[EXERCISE DATA — start]
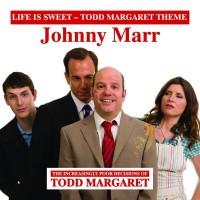 Purchase Johnny Marr - Life Is Sweet (Todd Margaret Theme) (CDS)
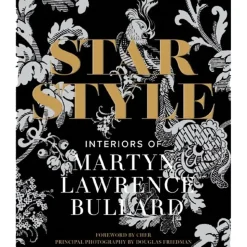 Star Style Interiors of Martyn Lawrence Bullard Book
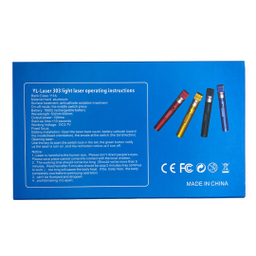 لیزر پوینتر مدل YL-303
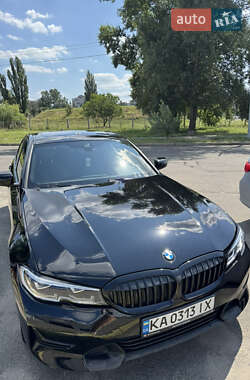 Седан BMW 3 Series 2020 в Киеве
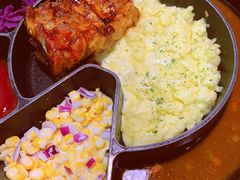 -肥肥虾庄·金牌油焖大虾(杨园滨江时代walk店)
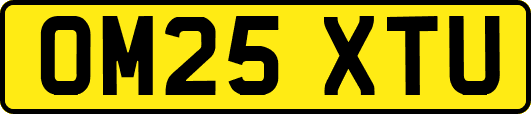 OM25XTU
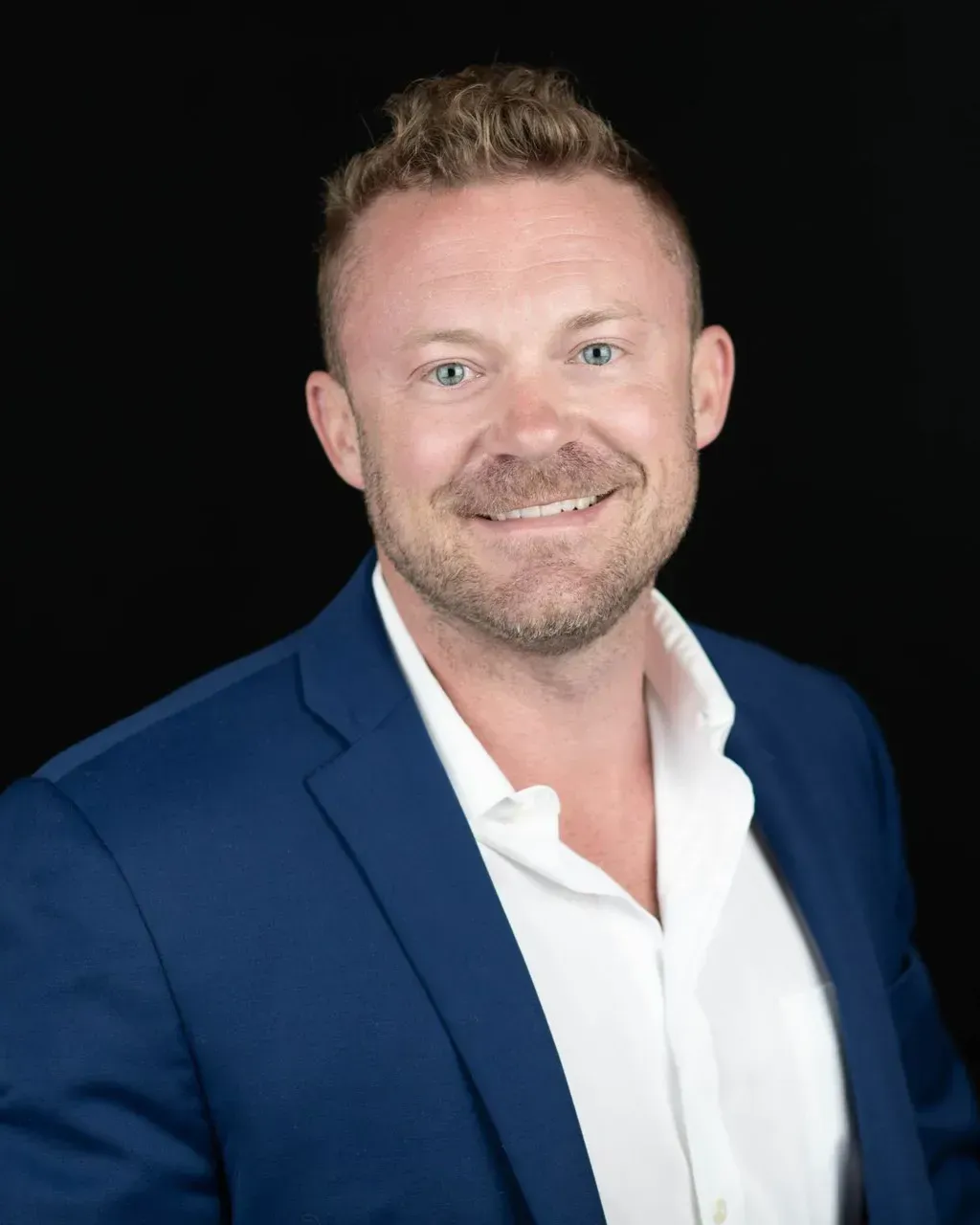 Jeremy Yost CEO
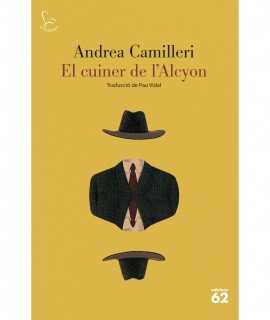 El cuiner de l'Alcyon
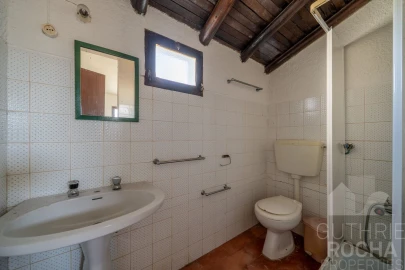 Moradia T2 para Venda em Bordeira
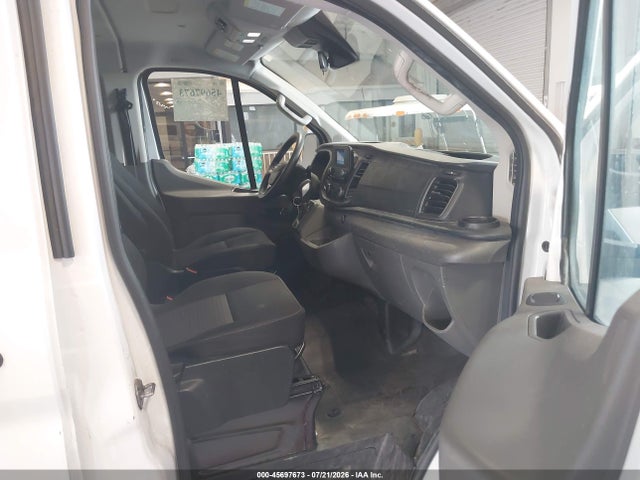 Aukcja sprzedaży 2023 Ford Transit-350 Passenger Van Xl, vin: 1FBAX9Y89PKA25786, numer aukcji: 45697673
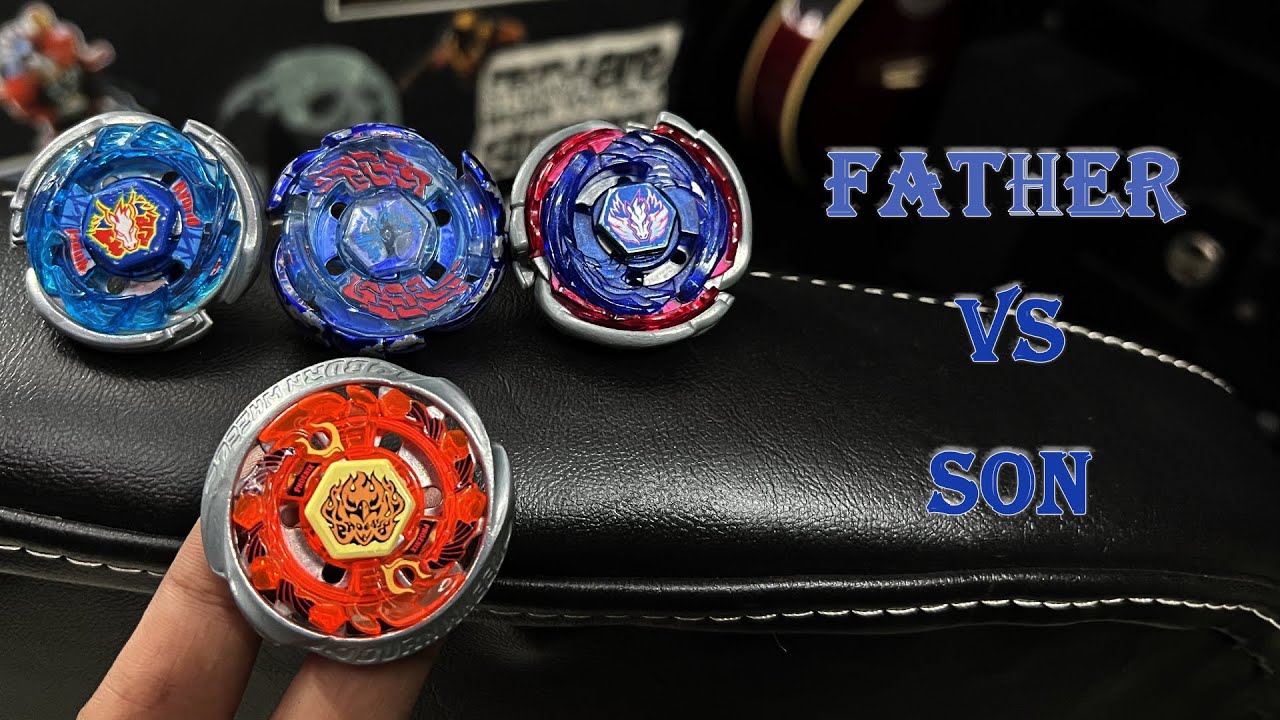 Burn Phoenix VS  All Pegasus  !! LET IT RIP !!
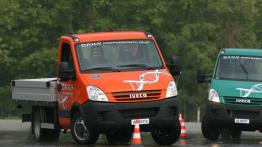 Iveco Daily IV 2.3 TD 116KM 85kW 2006-2011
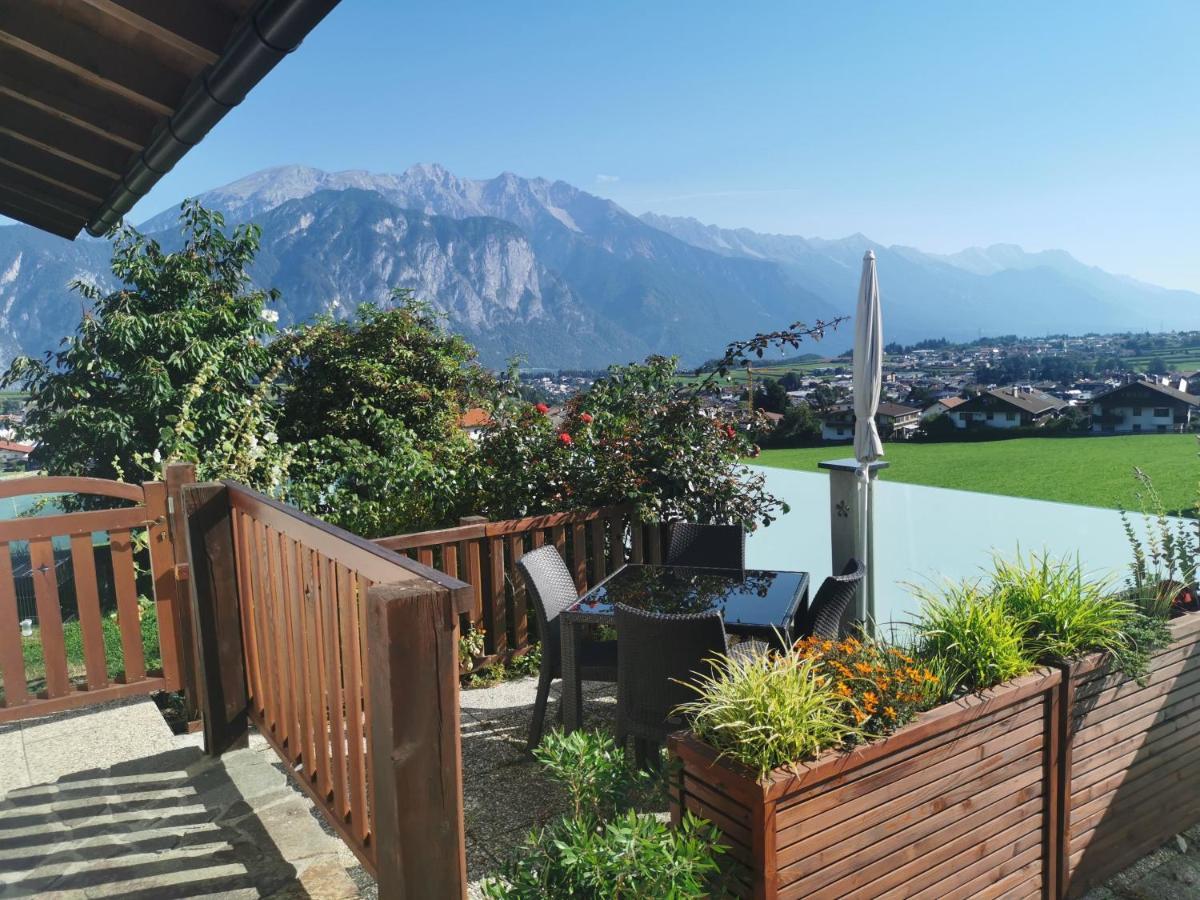 Appartement Salzmann *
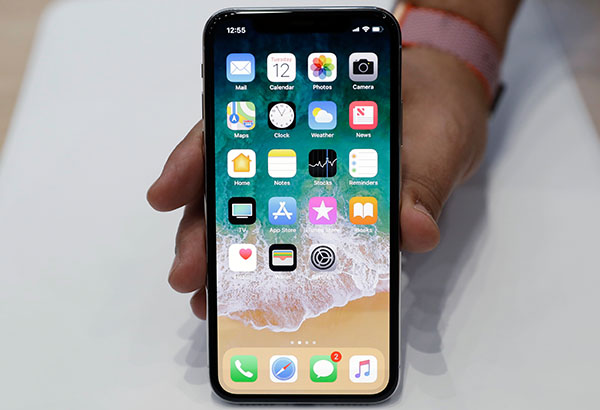 Can Apple to live up to the hype for iPhone X?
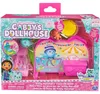 Gabby's Dollhouse Deluxe Room Spielset, Fest-Raum mit Produktbild-Vorschau 2
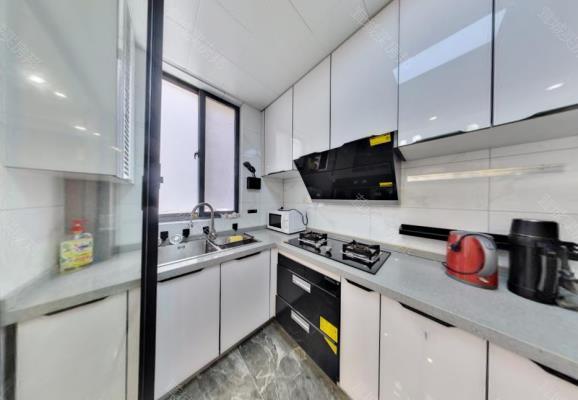 保利西子湾图片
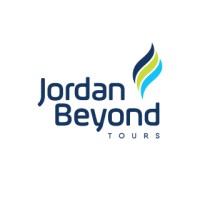 Jordan and Beyond Tours - DMC logo - Similar company to Axis Destination Management  (Axis Dmc Jordan)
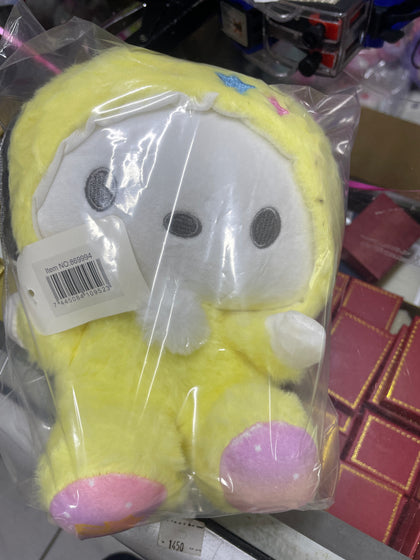 Peluches pequeños My Melody Kuromi Sanrio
[EXERCISE DATA — finish]
ACTIVITY: Find the line containing "Can Apple to" in the records above and restate it, and each line after it through the end, word for word, dropping the pictures.

EXPECTED OUTPUT:
 Can Apple to live up to the hype for iPhone X?
 Gabby's Dollhouse Deluxe Room Spielset, Fest-Raum mit Produktbild-Vorschau 2
 保利西子湾图片
 Jordan and Beyond Tours - DMC logo - Similar company to Axis Destination Management  (Axis Dmc Jordan)
 Peluches pequeños My Melody Kuromi Sanrio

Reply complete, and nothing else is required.